Microsoft has shared a workaround for a known issue affecting Microsoft 365 customers and causing classic Outlook to crash after opening or when starting up in Safe mode.
Impacted users can confirm if they’re affected by this specific issue by looking for Event 1000 or Event 1001 crashes in the Windows Event Viewer Application Log with 0xc0000005 exception codes linked to the faulting module ucrtbase.dll.
Based on user reports, the crashes impact only Office 365 accounts, and they cannot be solved by reverting to the previous build, creating a new Outlook profile, or even after a Windows clean install.
After investigating this, Redmond says the issue is linked to Microsoft 365 email accounts and corrupted mailbox client and server rules.
“After updating to Version 2407 Build 17830.20138 or higher you find that Outlook may unexpectedly close at start up. Outlook will also close if you test in Safe Mode,” the company said in a support document published on Friday.
“This issue has been found to occur if the server-based rules for the M365 email account are corrupted or that Outlook cannot process.”
Until an official fix is released for this issue, Microsoft provides a temporary workaround requiring classic Outlook users to delete all email rules linked to their accounts manually.
To do that, you will have to:
- To remove the client and server rules, run the “clean rules” command line by closing Outlook, right-clicking the Windows Start button, selecting Run, and running an ‘Outlook.exe /cleanrules’ command.
- Hold the Shift key when starting Outlook to create a new profile, but only if necessary.
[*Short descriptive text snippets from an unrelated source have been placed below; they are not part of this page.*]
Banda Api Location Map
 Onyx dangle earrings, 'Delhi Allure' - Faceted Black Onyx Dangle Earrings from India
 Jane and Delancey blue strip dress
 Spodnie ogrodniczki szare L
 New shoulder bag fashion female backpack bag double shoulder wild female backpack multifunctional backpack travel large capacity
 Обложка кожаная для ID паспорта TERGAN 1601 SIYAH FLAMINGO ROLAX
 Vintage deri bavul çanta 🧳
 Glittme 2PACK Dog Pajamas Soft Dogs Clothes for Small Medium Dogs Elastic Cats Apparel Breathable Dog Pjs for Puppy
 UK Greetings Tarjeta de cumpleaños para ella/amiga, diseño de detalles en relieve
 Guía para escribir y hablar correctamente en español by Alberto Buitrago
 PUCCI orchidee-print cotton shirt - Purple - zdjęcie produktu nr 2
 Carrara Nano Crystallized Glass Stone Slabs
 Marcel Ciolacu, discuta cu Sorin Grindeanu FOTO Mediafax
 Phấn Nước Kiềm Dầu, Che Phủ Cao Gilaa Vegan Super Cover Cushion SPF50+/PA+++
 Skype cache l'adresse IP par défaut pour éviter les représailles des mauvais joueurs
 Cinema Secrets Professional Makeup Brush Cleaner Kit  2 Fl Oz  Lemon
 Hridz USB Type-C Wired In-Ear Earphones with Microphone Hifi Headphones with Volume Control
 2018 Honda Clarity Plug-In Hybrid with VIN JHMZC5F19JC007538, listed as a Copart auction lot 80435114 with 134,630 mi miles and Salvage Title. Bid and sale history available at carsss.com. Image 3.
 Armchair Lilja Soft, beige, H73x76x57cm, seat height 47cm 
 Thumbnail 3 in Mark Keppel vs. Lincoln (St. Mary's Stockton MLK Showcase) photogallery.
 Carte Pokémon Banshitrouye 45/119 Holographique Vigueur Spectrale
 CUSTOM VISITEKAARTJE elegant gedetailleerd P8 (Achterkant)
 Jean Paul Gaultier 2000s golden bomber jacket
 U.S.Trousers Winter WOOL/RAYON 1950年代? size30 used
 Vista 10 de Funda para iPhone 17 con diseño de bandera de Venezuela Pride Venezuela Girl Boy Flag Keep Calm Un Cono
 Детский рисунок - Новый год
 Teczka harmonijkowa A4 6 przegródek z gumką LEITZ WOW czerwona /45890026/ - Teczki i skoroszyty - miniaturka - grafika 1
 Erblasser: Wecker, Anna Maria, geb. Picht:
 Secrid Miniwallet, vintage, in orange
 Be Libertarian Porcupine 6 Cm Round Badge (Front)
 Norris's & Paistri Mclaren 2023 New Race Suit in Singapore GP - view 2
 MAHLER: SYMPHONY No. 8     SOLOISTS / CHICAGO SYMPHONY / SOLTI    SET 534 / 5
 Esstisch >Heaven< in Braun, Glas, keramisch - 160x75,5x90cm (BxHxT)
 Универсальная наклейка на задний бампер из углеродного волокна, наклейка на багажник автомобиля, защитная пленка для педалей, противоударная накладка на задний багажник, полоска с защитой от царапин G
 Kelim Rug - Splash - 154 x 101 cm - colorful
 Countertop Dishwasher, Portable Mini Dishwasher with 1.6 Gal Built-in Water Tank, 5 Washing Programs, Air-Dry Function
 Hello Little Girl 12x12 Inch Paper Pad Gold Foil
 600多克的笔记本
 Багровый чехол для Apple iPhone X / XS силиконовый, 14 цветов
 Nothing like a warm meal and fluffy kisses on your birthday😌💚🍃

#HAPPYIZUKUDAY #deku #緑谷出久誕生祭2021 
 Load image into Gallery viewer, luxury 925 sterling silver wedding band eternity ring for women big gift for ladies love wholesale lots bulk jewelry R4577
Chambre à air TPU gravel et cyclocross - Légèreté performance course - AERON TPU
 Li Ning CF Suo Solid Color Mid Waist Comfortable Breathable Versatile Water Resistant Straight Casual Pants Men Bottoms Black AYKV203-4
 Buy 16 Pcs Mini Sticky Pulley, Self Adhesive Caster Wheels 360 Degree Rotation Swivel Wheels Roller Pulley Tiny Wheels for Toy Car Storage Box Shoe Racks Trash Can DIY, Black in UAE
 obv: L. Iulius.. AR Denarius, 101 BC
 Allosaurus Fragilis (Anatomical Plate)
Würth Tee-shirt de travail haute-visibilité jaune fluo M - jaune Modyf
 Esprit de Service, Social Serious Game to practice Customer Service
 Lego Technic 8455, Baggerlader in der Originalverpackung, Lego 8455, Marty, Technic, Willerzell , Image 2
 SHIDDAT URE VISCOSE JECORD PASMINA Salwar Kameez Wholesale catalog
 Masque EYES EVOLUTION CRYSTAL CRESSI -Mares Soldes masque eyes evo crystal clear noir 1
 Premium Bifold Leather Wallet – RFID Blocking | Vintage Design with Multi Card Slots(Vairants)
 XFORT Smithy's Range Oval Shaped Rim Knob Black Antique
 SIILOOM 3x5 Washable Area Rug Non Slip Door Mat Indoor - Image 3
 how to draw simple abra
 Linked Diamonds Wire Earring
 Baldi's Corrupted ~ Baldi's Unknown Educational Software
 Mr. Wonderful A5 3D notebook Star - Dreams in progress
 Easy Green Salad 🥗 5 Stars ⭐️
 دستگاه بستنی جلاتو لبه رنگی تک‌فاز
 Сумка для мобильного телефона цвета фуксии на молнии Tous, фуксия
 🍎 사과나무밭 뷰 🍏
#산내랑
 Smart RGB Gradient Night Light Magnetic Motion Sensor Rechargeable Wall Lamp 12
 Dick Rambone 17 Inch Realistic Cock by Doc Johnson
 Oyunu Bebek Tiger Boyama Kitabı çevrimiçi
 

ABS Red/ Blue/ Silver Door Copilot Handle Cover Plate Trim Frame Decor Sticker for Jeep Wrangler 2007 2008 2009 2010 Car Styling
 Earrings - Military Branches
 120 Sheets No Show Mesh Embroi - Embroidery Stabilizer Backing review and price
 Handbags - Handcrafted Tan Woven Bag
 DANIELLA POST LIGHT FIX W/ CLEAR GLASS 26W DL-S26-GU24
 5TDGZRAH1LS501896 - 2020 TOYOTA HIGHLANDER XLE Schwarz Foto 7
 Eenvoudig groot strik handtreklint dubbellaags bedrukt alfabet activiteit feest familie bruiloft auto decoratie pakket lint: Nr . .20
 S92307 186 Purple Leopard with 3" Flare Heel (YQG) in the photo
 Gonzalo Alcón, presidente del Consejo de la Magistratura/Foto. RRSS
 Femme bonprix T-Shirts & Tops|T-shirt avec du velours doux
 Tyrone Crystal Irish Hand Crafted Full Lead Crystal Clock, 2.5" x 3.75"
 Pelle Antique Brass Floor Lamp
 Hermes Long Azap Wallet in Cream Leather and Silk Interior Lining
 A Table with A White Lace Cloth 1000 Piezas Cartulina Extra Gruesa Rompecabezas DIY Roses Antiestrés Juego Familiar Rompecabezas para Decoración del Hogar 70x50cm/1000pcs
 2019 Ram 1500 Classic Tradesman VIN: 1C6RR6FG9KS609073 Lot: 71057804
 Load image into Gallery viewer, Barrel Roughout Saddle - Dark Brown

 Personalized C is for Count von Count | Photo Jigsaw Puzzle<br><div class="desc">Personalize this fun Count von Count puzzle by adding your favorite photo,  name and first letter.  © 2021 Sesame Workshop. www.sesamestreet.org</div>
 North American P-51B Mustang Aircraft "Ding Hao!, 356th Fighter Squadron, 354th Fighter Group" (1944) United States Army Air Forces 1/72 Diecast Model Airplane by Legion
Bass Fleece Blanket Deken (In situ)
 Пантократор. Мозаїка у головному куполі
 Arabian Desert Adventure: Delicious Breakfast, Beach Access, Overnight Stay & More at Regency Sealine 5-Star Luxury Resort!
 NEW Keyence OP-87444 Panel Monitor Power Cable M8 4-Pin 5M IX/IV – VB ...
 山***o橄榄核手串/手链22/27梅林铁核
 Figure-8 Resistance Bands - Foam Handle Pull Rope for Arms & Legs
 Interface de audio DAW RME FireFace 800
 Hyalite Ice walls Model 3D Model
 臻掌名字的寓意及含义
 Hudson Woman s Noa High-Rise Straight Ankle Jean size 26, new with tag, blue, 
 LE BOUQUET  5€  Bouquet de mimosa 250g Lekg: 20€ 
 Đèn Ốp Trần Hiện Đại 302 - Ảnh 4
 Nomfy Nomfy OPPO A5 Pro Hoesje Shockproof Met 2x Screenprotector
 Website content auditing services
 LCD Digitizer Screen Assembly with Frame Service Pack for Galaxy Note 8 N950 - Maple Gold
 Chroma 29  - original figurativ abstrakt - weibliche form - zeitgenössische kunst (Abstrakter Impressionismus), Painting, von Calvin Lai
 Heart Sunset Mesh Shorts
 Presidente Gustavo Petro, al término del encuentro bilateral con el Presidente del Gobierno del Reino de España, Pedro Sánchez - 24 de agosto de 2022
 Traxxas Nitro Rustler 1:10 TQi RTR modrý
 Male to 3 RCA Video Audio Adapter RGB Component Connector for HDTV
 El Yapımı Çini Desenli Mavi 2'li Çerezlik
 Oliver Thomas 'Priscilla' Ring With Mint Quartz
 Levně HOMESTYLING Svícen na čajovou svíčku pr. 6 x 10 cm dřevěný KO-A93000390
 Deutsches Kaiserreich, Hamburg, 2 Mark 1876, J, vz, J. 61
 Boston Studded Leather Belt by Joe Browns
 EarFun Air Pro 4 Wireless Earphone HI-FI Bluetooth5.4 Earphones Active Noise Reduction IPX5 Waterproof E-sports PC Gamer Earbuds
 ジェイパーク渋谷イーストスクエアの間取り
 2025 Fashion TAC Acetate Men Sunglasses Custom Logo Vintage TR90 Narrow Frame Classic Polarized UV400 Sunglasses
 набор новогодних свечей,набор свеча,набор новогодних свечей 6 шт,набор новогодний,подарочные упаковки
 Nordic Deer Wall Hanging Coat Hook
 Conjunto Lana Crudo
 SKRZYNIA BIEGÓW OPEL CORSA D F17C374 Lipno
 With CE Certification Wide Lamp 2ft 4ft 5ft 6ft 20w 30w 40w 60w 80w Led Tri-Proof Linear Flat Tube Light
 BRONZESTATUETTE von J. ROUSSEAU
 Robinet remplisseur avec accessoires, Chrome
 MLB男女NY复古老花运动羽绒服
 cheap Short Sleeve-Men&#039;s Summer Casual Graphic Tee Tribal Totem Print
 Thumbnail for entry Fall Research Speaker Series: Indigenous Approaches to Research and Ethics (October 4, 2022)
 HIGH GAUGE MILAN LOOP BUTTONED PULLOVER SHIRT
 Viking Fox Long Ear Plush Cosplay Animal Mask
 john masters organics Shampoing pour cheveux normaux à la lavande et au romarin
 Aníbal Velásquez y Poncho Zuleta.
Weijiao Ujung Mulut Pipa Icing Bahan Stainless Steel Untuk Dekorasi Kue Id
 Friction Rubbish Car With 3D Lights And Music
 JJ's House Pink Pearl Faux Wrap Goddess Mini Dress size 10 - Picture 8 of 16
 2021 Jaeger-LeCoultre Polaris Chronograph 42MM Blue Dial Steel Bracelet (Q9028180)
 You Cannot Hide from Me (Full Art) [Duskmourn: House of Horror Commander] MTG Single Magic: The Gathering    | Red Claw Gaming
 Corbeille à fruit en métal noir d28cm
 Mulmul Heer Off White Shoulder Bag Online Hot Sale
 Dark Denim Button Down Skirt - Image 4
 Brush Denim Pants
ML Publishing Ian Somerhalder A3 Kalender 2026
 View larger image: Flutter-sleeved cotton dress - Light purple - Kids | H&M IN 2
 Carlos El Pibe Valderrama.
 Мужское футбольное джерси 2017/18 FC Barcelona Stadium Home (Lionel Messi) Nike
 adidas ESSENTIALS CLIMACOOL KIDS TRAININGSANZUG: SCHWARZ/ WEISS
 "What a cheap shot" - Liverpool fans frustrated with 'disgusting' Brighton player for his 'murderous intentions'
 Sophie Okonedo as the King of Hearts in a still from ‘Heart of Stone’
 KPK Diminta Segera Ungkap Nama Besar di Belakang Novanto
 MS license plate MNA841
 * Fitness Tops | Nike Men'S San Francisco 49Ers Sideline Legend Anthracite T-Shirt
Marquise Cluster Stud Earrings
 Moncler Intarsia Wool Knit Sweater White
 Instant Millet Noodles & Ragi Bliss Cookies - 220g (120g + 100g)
On the Profile Picker dialog, click Options, check “Prompt a profile to be used,” then click “New” and proceed through the prompts (official guidance is available here).
- If you still have the issue, go to Outlook Web Access and manually remove all the email rules.
This week, Redmond also shared a workaround for an issue blocking Microsoft 365 customers from signing in or adding Gmail accounts in classic Outlook.
Three days later, the company also provided a temporary fix for an issue causing Microsoft 365 apps like Outlook, Word, and OneNote to crash while typing or spell-checking a text.